(WHAT IS NEEDED):
Only the lines from the one containing "Emblem G16B in G/S/B 25mm und 50mm Lieferbar" through the end of the entries are wanted, retyped exactly and without pictures.

(RECORDS TO PROCESS):
%%

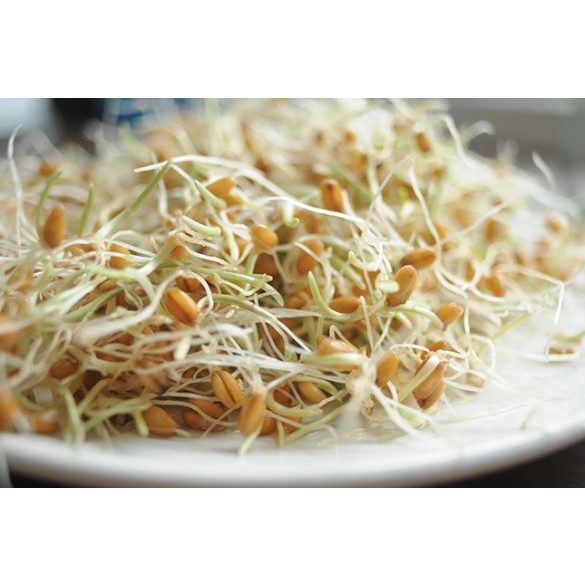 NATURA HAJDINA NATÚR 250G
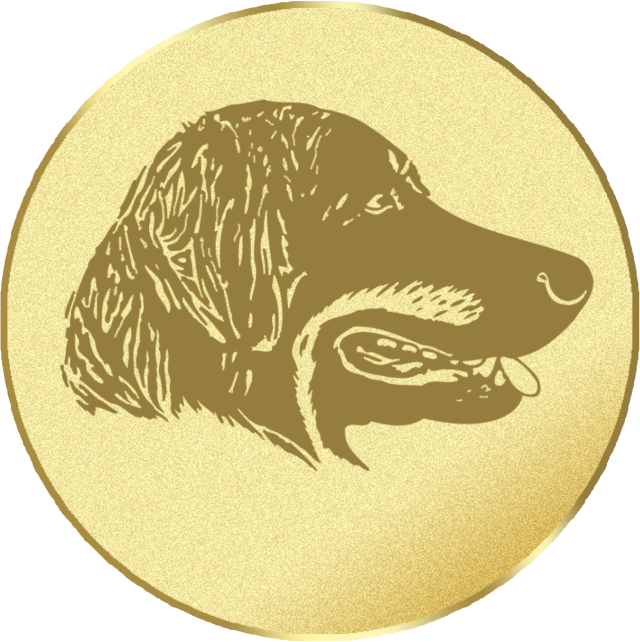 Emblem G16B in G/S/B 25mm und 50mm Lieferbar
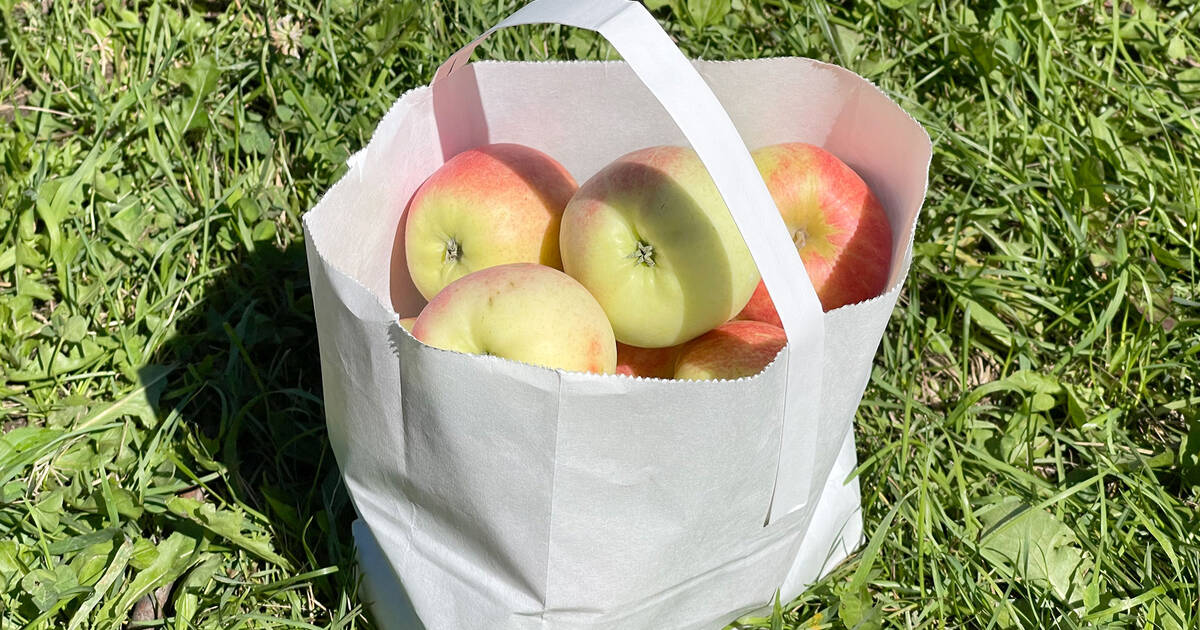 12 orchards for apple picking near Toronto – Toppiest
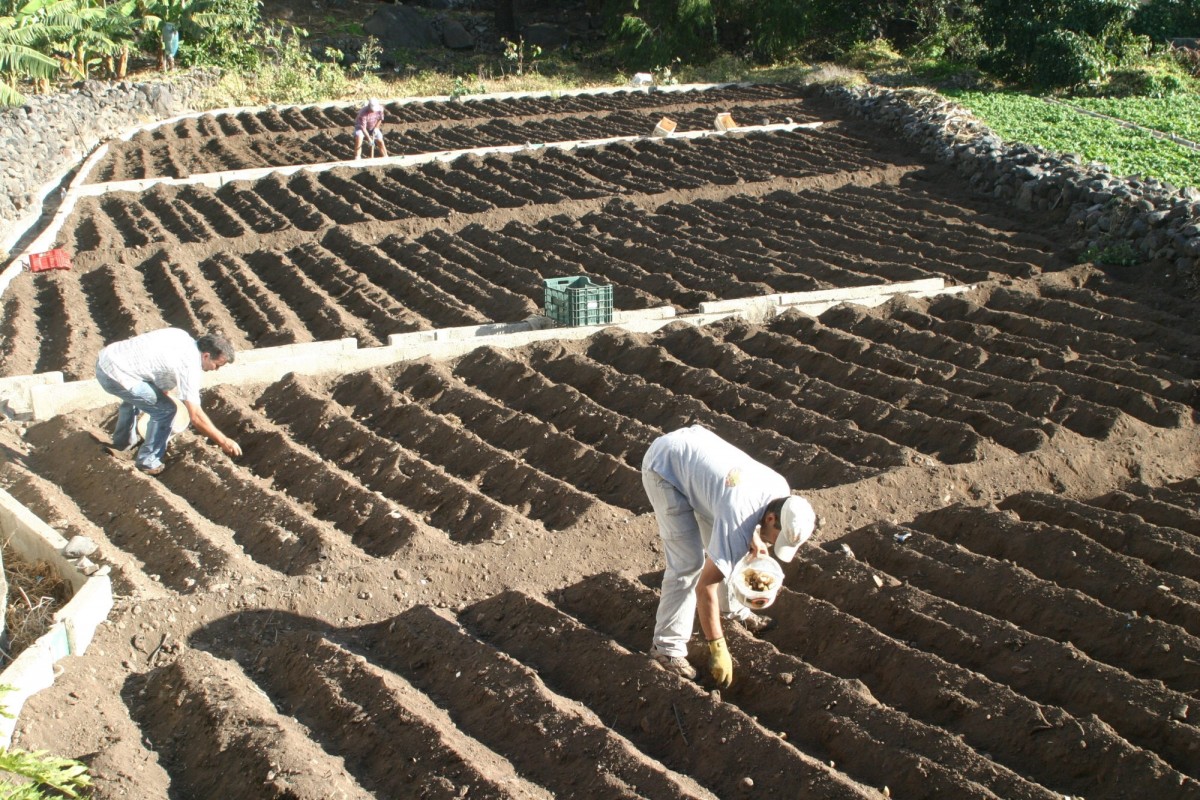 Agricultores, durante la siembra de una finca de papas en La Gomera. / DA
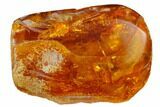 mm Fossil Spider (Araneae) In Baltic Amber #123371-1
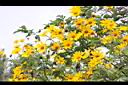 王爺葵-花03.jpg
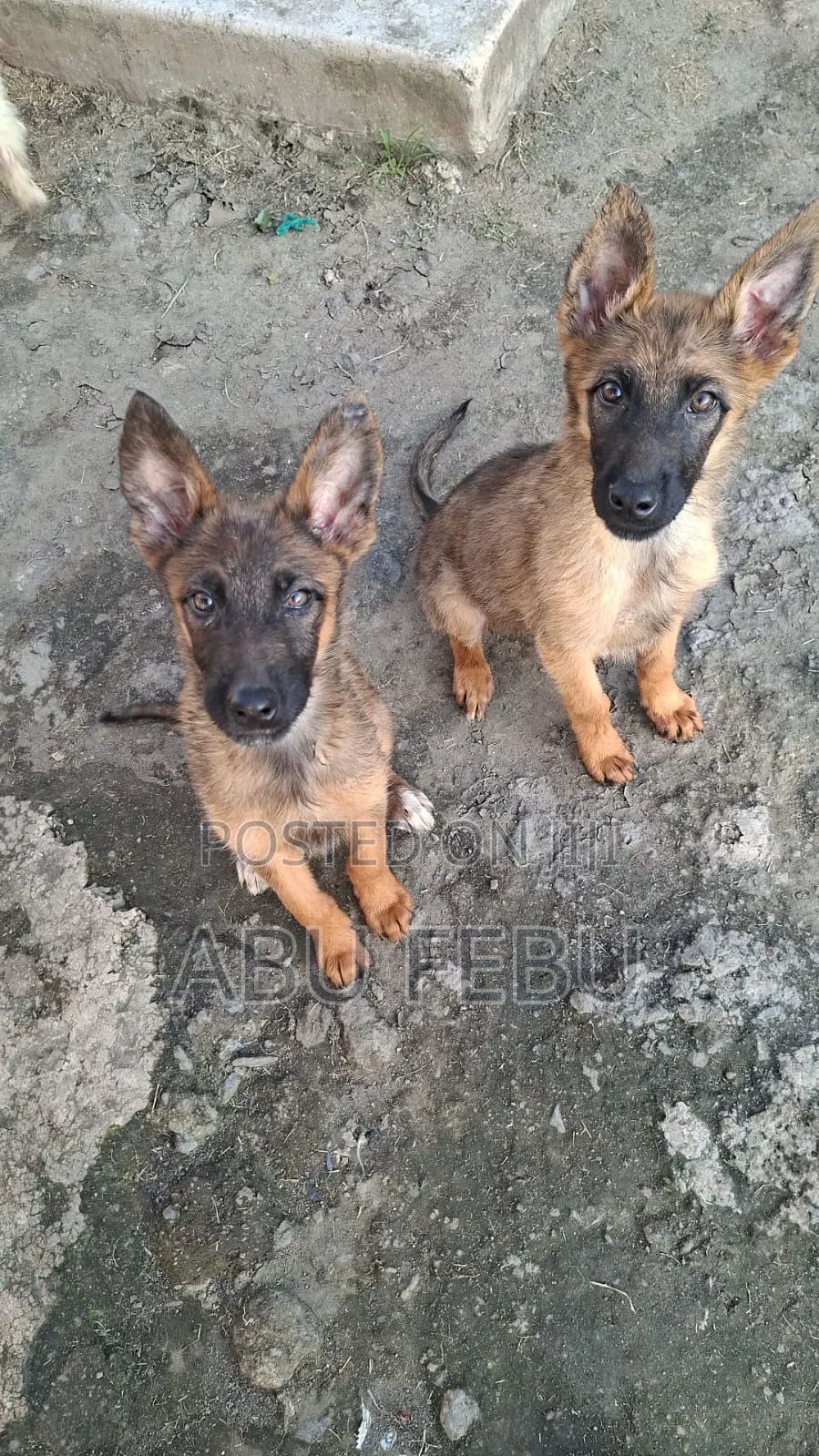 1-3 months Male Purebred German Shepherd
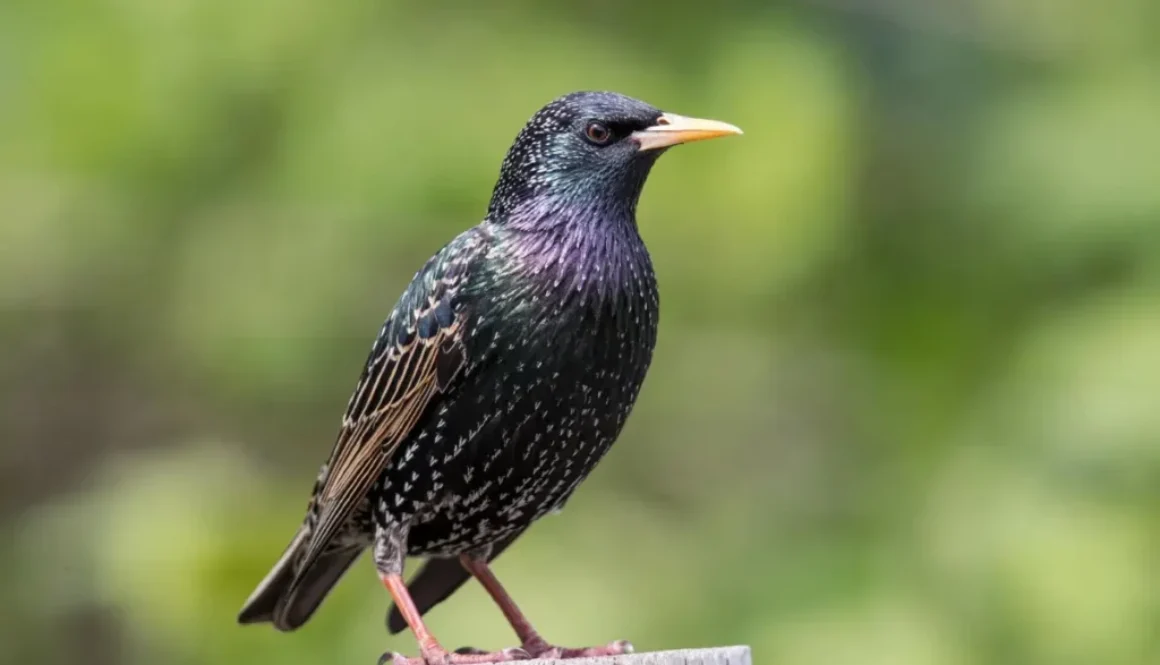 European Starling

%%

(RESULT):
 Emblem G16B in G/S/B 25mm und 50mm Lieferbar
 12 orchards for apple picking near Toronto – Toppiest
 Agricultores, durante la siembra de una finca de papas en La Gomera. / DA
 mm Fossil Spider (Araneae) In Baltic Amber #123371-1
 王爺葵-花03.jpg
 1-3 months Male Purebred German Shepherd
 European Starling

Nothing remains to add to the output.